Por Mônica Bergamo, da Folhapress
SÃO PAULO – O auditor Alexandre Figueiredo Costa e Silva confessou à sua chefia imediata no TCU (Tribunal de Contas da União) que foi ele o autor das análises que levaram o presidente Jair Bolsonaro a divulgar a notícia falsa de que o órgão questionava as mortes por Covid-19 no Brasil.
De acordo com informações preliminares já encaminhadas à corregedoria do tribunal, o auditor relatou que comentou o teor de suas opiniões com o pai, que é militar e amigo pessoal de Bolsonaro. O pai, segundo o auditor disse a seus chefes, teria enviado o texto ao presidente.
A corregedoria, comandada pelo ministro Bruno Dantas, encaminhará um relatório à presidente do TCU, Ana Arraes, propondo a abertura de um processo disciplinar contra Costa e Silva. A investigação será então aprofundada, com a tomada de depoimentos dos envolvidos.
Costa e Silva deve ser afastado cautelarmente do cargo de auditor pela presidente, para poder assim responder ao processo. Ele já foi retirado da equipe que analisa atos de gestão relativos ao combate à Covid-19.
As famílias de Costa e Silva e de Bolsonaro seriam tão próximas que o auditor chegou a ser indicado para uma diretoria do BNDES em 2019. Sua posse foi barrada pelo próprio TCU por conflito de interesses, já que o tribunal fiscaliza o banco.
A confusão envolvendo o tribunal começou na segunda, 7, quando o presidente Jair Bolsonaro afirmou a apoiadores que o TCU questionava as mortes por Covid-19 no país – o que é mentira.
“Em primeira mão aí para vocês. Não é meu. É do tal de Tribunal de Contas da União. Questionando o número de óbitos no ano passado por Covid. E ali o relatório final não é conclusivo, mas em torno de 50% dos óbitos por Covid ano passado não foram por Covid, segundo o Tribunal de Contas da União”, diz Bolsonaro na conversa com apoiadores.
“Esse relatório saiu há alguns dias. Lógico que a imprensa não vai divulgar. Eu tenho três jornalistas que eu converso, não vou falar o nome deles, que são pessoas sérias, né. E já passei para eles. E devo divulgar hoje à tarde. E como é do Tribunal de Contas da União, ninguém queira me criticar por causa disso”.
Em seguida, o portal R7, da Igreja Universal do Reino de Deus, divulgou que “apenas quatro em cada dez óbitos (41%) registrados por complicações da doença seriam efetivamente resultado da contaminação do vírus”. E creditou a informação, que é falsa, ao suposto relatório do TCU citado por Bolsonaro. O portal da igreja afirmou ainda que recebeu o documento de uma fonte do Palácio do Planalto.
Desmentido pelo TCU, o presidente da República reconheceu na terça, 8, que a informação que passou ao público não era verdadeira. E afirmou ser ele mesmo o autor de uma tabela que foi divulgada questionando as mortes, com base em um “acórdão” do TCU.
As análises de Costa e Silva nunca chegaram a integrar qualquer relatório do TCU. Elas foram apenas postadas em um sistema de comunicação interno dos auditores – e prontamente recusadas, por falta de solidez técnica.
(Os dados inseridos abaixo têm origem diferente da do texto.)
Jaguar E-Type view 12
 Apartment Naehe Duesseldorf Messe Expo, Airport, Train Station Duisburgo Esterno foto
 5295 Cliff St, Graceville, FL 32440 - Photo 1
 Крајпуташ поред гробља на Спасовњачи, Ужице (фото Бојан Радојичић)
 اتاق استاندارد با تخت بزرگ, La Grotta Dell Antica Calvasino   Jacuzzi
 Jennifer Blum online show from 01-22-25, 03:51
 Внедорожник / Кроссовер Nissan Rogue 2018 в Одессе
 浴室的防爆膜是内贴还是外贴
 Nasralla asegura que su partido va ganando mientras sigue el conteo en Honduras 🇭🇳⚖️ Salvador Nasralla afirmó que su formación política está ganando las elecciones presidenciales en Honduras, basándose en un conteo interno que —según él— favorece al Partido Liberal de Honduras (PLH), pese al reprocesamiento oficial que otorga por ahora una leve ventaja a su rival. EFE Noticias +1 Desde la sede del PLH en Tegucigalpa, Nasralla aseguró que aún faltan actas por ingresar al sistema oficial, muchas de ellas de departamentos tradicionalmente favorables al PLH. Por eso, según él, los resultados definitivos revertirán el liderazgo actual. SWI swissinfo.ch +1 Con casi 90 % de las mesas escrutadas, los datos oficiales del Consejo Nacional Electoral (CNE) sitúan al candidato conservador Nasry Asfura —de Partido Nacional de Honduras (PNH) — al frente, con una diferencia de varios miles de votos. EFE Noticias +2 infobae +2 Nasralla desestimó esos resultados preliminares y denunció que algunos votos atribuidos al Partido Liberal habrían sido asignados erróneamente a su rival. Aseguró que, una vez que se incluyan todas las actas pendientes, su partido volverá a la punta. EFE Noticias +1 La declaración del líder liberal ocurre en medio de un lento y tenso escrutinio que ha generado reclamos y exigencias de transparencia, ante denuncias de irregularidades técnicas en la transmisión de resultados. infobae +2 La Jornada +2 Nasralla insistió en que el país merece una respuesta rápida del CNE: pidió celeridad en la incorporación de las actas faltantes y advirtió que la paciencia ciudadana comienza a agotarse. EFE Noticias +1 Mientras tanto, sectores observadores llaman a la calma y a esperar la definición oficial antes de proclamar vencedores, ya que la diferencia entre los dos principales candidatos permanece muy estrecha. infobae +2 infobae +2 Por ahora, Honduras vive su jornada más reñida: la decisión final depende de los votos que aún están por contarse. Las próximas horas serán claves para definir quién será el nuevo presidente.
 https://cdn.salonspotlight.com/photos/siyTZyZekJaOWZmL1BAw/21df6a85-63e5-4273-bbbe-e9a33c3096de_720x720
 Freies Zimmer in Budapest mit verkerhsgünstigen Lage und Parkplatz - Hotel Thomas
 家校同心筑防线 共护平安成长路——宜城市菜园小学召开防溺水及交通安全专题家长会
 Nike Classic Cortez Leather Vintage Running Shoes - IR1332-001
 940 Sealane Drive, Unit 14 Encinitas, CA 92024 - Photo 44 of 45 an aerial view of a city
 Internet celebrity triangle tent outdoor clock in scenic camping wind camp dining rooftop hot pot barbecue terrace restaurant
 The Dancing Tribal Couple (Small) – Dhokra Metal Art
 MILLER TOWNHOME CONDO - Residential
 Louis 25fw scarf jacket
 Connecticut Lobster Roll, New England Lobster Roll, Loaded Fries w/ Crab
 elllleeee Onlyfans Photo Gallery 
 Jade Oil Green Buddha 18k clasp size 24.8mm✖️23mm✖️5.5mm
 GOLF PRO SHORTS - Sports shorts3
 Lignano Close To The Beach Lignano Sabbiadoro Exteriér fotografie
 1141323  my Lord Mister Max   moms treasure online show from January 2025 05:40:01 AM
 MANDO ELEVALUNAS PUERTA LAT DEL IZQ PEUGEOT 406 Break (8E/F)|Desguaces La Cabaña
O auditor argumentava que, como os repasses de recursos pelo Ministério da Saúde aos estados para o combate à Covid-19 era feito com base no número de óbitos, poderia haver um superdimensionamento dos dados. Governadores e prefeitos inflariam as mortes artificialmente para receber mais dinheiro.
As notificações de óbitos, no entanto, são feitas por médicos e unidades de saúde que atestam a morte. Para inflar os dados, governantes precisariam ter a cumplicidade de milhares de profissionais da área.
O TCU, assim, nunca questionou os dados de óbitos por Covid-19 no Brasil, que já fez 479.792 vítimas.